Three people were killed and one person suffered injuries on Feb. 19 after an avalanche struck Washington state’s Cascade Mountains while they were attempting to reach a peak, officials have said.
According to a preliminary report from the Northwest Avalanche Center, a group of six climbers were ascending the Northeast Couloir of Colchuck Peak, an 8,705-foot (2,653 meters) mountain summit located about 70 miles (113 kilometers) east of Seattle in the Alpine Lakes Wilderness, on Sunday when the lead climber triggered an avalanche at approximately 1:15 p.m.
The slab avalanche—which occurs when a large, cohesive area of snow slides downwards—caught and carried four members of the team approximately 500 feet to the base of the climb, the Center said.
Three of the climbers suffered fatal traumatic injuries, and a fourth climber sustained leg injuries but survived.
The remaining two climbers tried unsuccessfully to evacuate the individuals that were killed in the avalanche but were unable to do so, officials said. The Chelan County Sheriff’s Office was notified of the accident on Feb. 20 and mountain rescue teams traveled to the site to assist with evacuating the injured climber to the trailhead.
However, a number of other natural avalanches hit the area soon after the incident, making it difficult to conduct search and rescue efforts amid hazardous conditions.
“Recovery efforts will be ongoing this week as weather and avalanche conditions allow. NWAC is working with Chelan County Sheriff’s office, and will provide updates as more information becomes available,” the Northwest Avalanche Center said.
In a separate statement, Chelan County Sheriff Mike Morrison identified the climbers who had been killed as a 60-year-old female from New York, a 66-year-old male from New Jersey, and a 53-year-old male from Connecticut.
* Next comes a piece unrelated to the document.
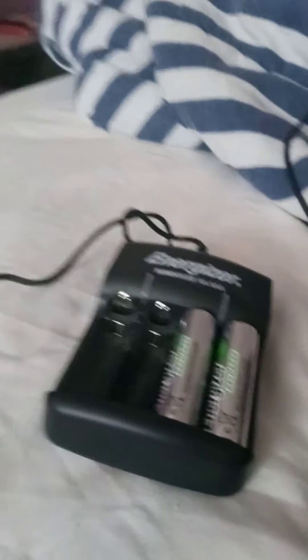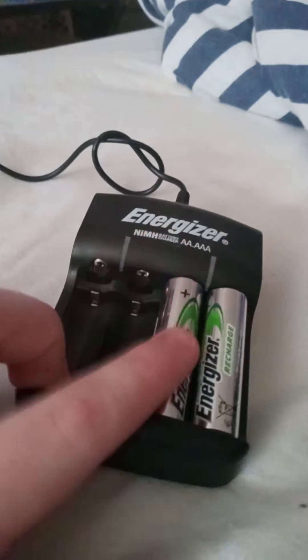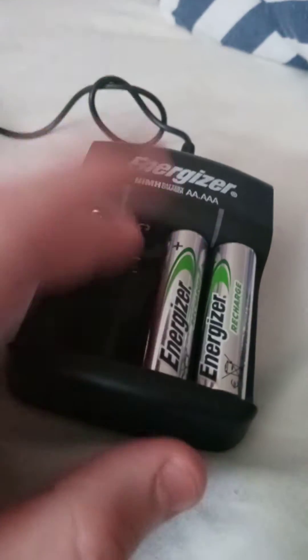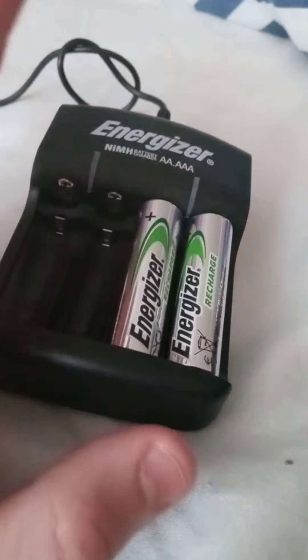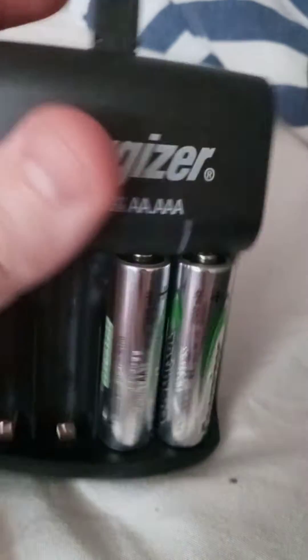Once they're dead, they're dead — you can't do anything with them. This is what this is for: to recharge your batteries. You can find these in any type of store, but the other one is a little more rare — you can only find it at GameStop. These charge your batteries and then you put them in whatever you want. It's way better than using normal batteries because you can just reuse them. It's labeled as Energizer rechargeable batteries.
Hazardous Conditions Hinder Rescue Efforts
The fourth climber who sustained non-life-threatening injuries was identified as a 56-year-old male from New York. Morrison said he had been able to hike back to base camp with the remaining two climbers after the incident.
The other two climbers who survived the avalanche were identified as a 50-year-old male from New York and a 36-year-old male from New Jersey.
According to Morrison, a seventh climber with the group, a 53-year-old Maryland man, had stayed at base camp that day and was the one who had informed deputies at the Chelan County Sheriff’s Office (CCSO) Leavenworth substation about the avalanche after the three survivors reached base camp.
A total of 22 rescuers reached the base camp to assist with the recovery efforts to bring back the surviving climbers.
“They were able to determine avalanche conditions were too hazardous to continue to the deceased climbers,” Morrison said. He added that rescuers were not sent back out the following day because of hazardous conditions.
“CCSO continues to work with Northwest Avalanche Center to assist in a recovery plan,” he said.
Chelan County sheriff’s Sgt. Jason Reinfeld said Tuesday that rescuers planned to go back out to search for the deceased climbers on Wednesday, The Associated Press reported. He added that the group of climbers caught up in the weekend’s avalanche had some mountaineering experience, but that it was unclear exactly how much.
Approximately nine people have been killed this winter season in avalanches in the United States across the states of Colorado, Montana, Nevada, and Washington, according to the Colorado Avalanche Information Center.
In the 2021–2022 winter season, 17 deaths from avalanches were reported and approximately 37 deaths were reported in the 2020–2021 winter season, according to the center.